▸ Description of the task: Repeat, exactly and alone, every line from the line that contains "Cesta do Chorvatska" to the end of the entries.
*** Exercise input Section Begins ***
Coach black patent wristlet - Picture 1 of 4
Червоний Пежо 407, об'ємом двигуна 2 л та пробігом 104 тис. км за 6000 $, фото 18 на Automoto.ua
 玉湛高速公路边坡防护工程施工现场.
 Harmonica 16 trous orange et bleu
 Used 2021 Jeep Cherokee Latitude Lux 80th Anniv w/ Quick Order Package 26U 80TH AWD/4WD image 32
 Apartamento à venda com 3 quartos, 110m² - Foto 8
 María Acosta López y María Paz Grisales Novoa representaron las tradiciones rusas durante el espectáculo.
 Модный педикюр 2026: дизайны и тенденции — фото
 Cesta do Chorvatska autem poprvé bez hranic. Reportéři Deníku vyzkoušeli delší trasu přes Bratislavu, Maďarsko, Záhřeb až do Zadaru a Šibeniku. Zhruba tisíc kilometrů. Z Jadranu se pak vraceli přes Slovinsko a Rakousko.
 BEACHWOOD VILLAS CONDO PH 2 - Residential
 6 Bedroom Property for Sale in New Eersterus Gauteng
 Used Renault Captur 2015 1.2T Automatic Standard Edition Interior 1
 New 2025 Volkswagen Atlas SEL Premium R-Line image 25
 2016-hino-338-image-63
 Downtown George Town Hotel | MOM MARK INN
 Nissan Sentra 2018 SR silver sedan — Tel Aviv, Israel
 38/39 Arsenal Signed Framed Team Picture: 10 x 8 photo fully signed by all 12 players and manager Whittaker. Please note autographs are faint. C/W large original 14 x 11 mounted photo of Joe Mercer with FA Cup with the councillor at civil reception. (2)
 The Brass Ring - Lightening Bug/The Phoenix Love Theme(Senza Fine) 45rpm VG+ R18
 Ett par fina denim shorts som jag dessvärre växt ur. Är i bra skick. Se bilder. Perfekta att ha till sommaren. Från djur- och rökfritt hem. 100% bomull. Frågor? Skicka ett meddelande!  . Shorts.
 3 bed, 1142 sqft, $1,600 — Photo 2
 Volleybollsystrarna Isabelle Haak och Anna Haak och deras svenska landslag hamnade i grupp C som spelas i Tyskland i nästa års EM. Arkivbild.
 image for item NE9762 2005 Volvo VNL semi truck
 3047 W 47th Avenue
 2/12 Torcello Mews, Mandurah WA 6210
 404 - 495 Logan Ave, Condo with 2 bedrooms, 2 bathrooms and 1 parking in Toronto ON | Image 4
*** Exercise input Section Ends ***
▸ Reply:
 Cesta do Chorvatska autem poprvé bez hranic. Reportéři Deníku vyzkoušeli delší trasu přes Bratislavu, Maďarsko, Záhřeb až do Zadaru a Šibeniku. Zhruba tisíc kilometrů. Z Jadranu se pak vraceli přes Slovinsko a Rakousko.
 BEACHWOOD VILLAS CONDO PH 2 - Residential
 6 Bedroom Property for Sale in New Eersterus Gauteng
 Used Renault Captur 2015 1.2T Automatic Standard Edition Interior 1
 New 2025 Volkswagen Atlas SEL Premium R-Line image 25
 2016-hino-338-image-63
 Downtown George Town Hotel | MOM MARK INN
 Nissan Sentra 2018 SR silver sedan — Tel Aviv, Israel
 38/39 Arsenal Signed Framed Team Picture: 10 x 8 photo fully signed by all 12 players and manager Whittaker. Please note autographs are faint. C/W large original 14 x 11 mounted photo of Joe Mercer with FA Cup with the councillor at civil reception. (2)
 The Brass Ring - Lightening Bug/The Phoenix Love Theme(Senza Fine) 45rpm VG+ R18
 Ett par fina denim shorts som jag dessvärre växt ur. Är i bra skick. Se bilder. Perfekta att ha till sommaren. Från djur- och rökfritt hem. 100% bomull. Frågor? Skicka ett meddelande!  . Shorts.
 3 bed, 1142 sqft, $1,600 — Photo 2
 Volleybollsystrarna Isabelle Haak och Anna Haak och deras svenska landslag hamnade i grupp C som spelas i Tyskland i nästa års EM. Arkivbild.
 image for item NE9762 2005 Volvo VNL semi truck
 3047 W 47th Avenue
 2/12 Torcello Mews, Mandurah WA 6210
 404 - 495 Logan Ave, Condo with 2 bedrooms, 2 bathrooms and 1 parking in Toronto ON | Image 4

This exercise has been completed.